What needs to be done ▸ Only the lines from the one that contains "Самосвал полуприцеп Reisch" to the last line below, both included, should be transcribed. Pictures stay out of the copy.

[Image-text web data]
▬▬▬▬▬▬▬▬▬▬
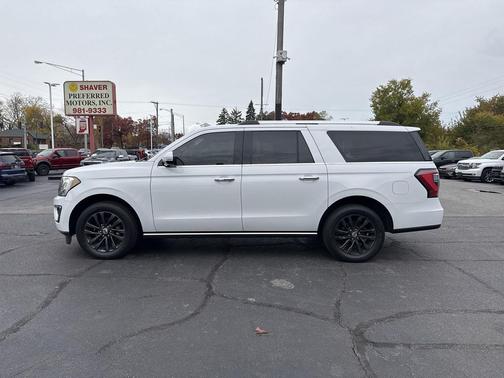 2020 Ford Expedition Max Limited
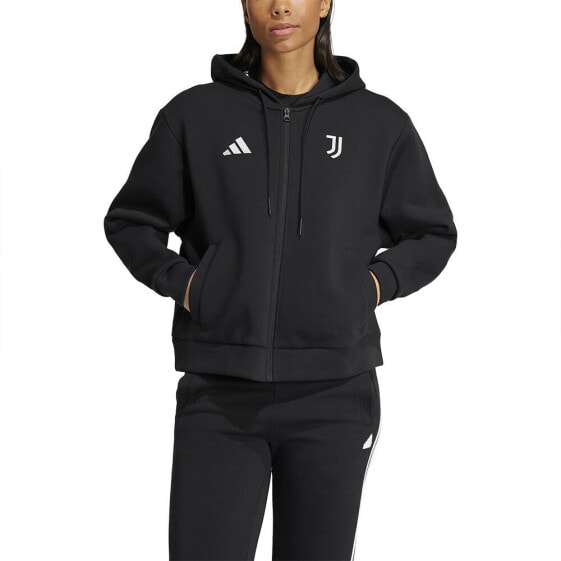 ADIDAS Juventus 24/25 Anthem full zip sweatshirt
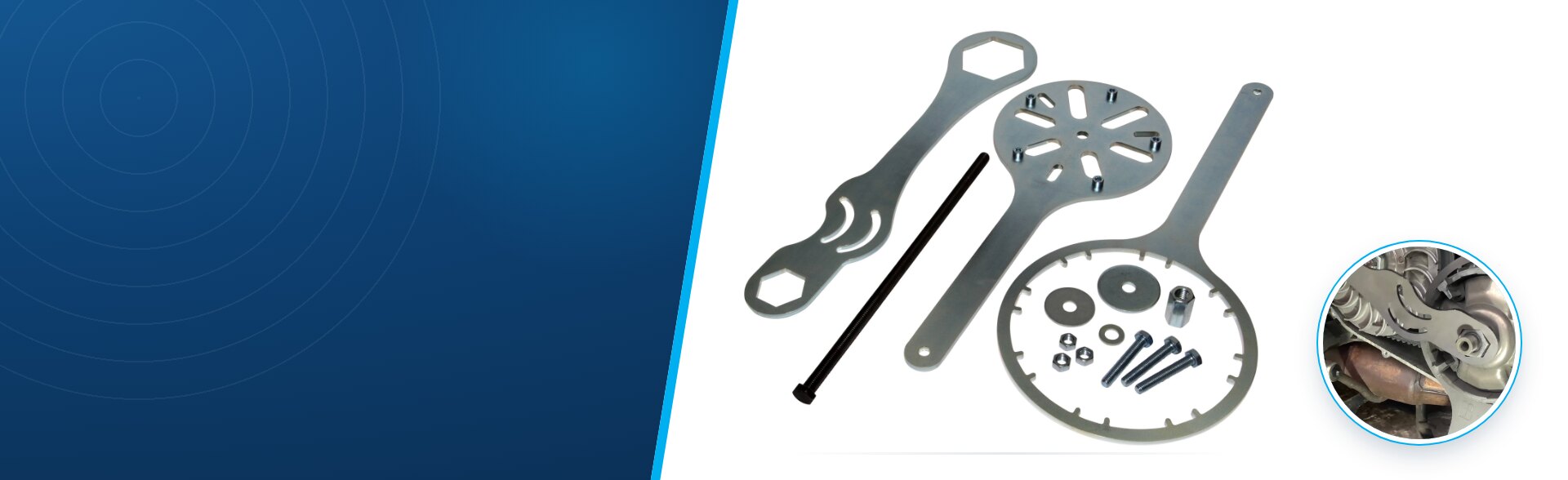 Outils Easyboost pour BMW C600 et C650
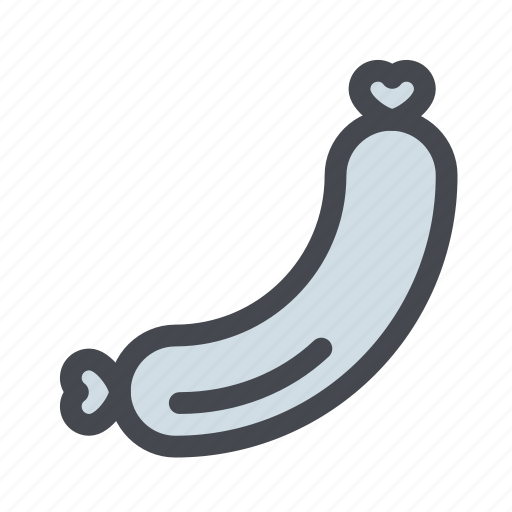 Sausage, food, meat icon - Download on Iconfinder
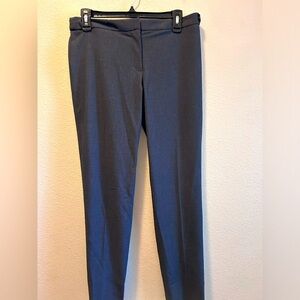 Womens grey dress slacks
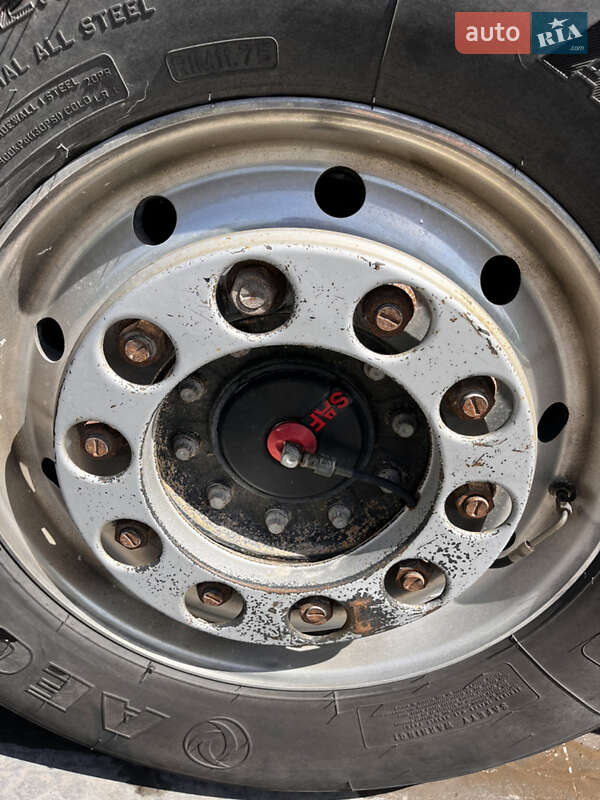 Самосвал полуприцеп Reisch RHKS 2016 в Галиче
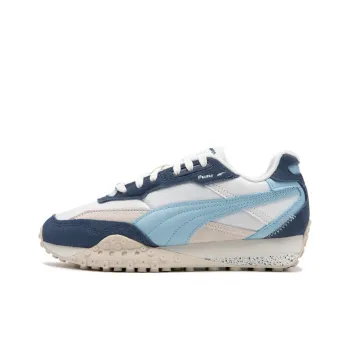 Puma Blktop Rider Warm White Inky Blue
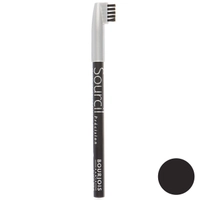 مداد ابرو بورژوآ مدل Sourcils Precision شماره 01 bourjois Sourcils Precision Eyebrow Pencil 01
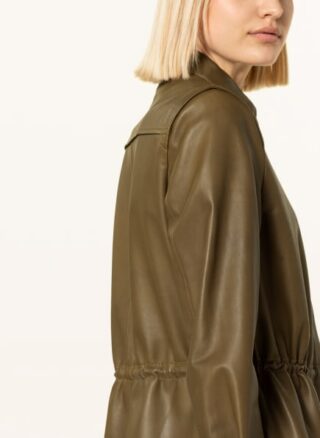 RIANI Hemdblusenkleid Damen, Grün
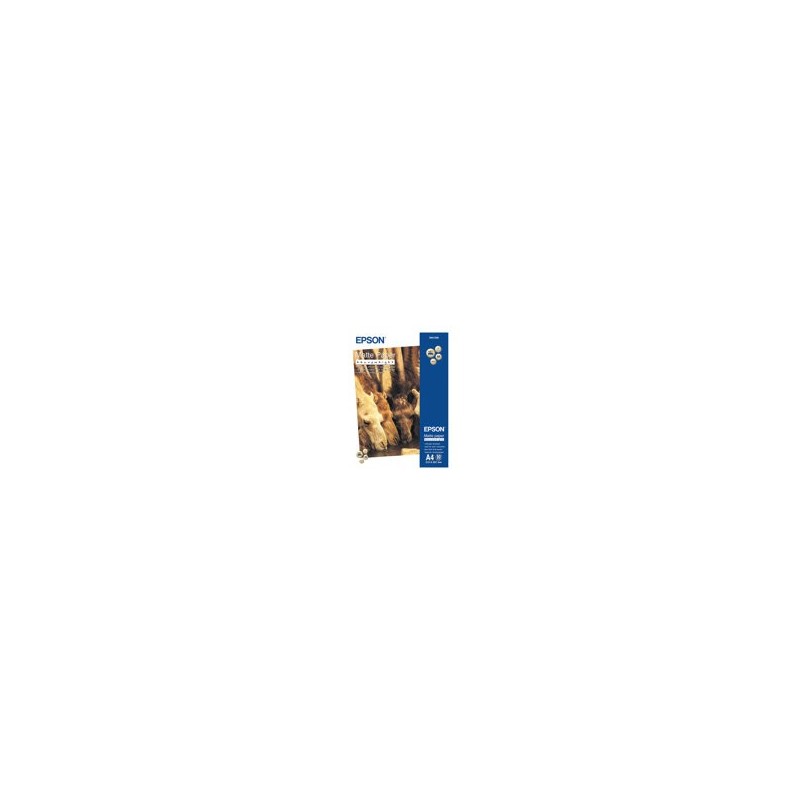 EPSON C13S041256 Papier Epson Epson matte Heavyweight 167g A4 50ark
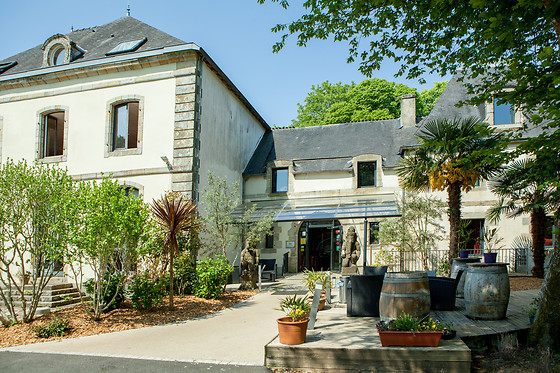 Hotel the Originals Manoir des Indes - photo 1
▬▬▬▬▬▬▬▬▬▬
Task output ▸
 Самосвал полуприцеп Reisch RHKS 2016 в Галиче
 Puma Blktop Rider Warm White Inky Blue
 مداد ابرو بورژوآ مدل Sourcils Precision شماره 01 bourjois Sourcils Precision Eyebrow Pencil 01
 RIANI Hemdblusenkleid Damen, Grün
 EPSON C13S041256 Papier Epson Epson matte Heavyweight 167g A4 50ark
 Hotel the Originals Manoir des Indes - photo 1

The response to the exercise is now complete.